Wednesday, March 31, 2010


Last night I had a dream about shopping for weatbix, and was sorely disappointed when I woke up and realized I'm probably not going to be able to eat those weatbix for another year. But realizing just how important something like weatbix is prompted me to go through a list of things in my head which I do and don't miss about Australia. I really miss hanging out on Friday and Saturday nights with my friends and playing games of risk and Starcraft. I also miss being able to go somewhere where there isn't anyone else and just being alone. And while being able to communicate with people in everyday life was awesome in Australia, talking to people about anything other than the fact I'm an Australian on a working holiday visa wasn't at the top of the list. It was on the list for sure, but its a bit more complicated an item than the others.

The way I spend time with people here is different to Australia. In Japan, most of the time I spend with people is just sitting around a table eating or laughing. I don't necessarily understand what I'm laughing about, but just because I don't understand it doesn't make it any less enjoyable. Sometimes I have the odd short conversation about the guy dressed as a girl who just walked into one of two gay clubs next door, or sometimes I'll have some fun telling people that we usually eat with a knife and fork in Australia (usually followed by shocked looks), but I barely ever talk about the kinds of things I would have talked about back home. I just don't know how to talk about electronics here, or religion, or current events. And when people talk about those sorts of things, I don't understand them. At all.

The huge difference between my friends in Australia and my friends here is that in Australia, the people I hung out with were mostly people I could share opinions with. But in Japan, I don't know enough about the Japanese language to tell people that I think spending money at the temple to buy a blessing is a scam. And since I don't even know the word for government, good luck trying to tell me that the current government is horrible. Apart from the fact that I don't really know enough people to choose my friends anyway, it means that the people I hang out with in Japan aren't all people who I can talk about things with. It means that when I'm with people, I spend a lot less time arguing, and a lot more time just sitting there and trying to enjoy whatever they are enjoying. But the fact is that I thrive on discussing opinions with people, and not everyone enjoys Shisha.

I do wonder if being able to listen to my Japanese friends talk about their interests would allow me to enjoy what they're doing more, and because of it I'm studying my ass off to learn the language. But at the same time, I wonder just what exactly the language that I'm learning will buy me in terms of friendships.

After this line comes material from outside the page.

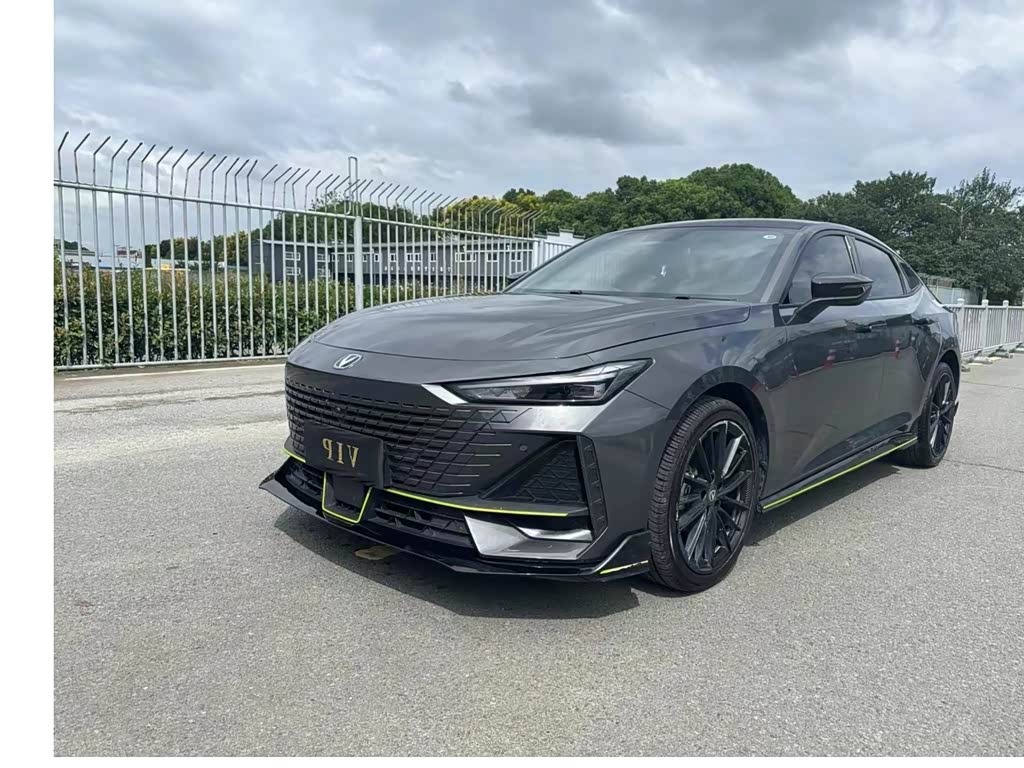 UNI-V 2022 1.5T Sport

If all it allows me to do is understand that just like in Australia, everybody is talking about their favorite sports team or stupid politics, is it really going to add that much more to friendships than just quietly sitting there? And if I was actually able to find people to play starcraft or boardgames with here, would not understanding them really make them any worse friends than my mates in Australia? Sure, the language would make it easier to find those people, but only just.

I know in Australia my best friends were the ones I could talk about things with, like God or my crazy ideas about the world. But I also really enjoyed just hanging out with mates as well. Wikipedia says that some researchers put the level of body language compared to that of spoken language as high as 80%, and I guess this just means even more that being able to enjoy doing stuff together with the people you hang around with is more important than understanding what they are saying. Really, I just wish the people here enjoyed playing boardgames.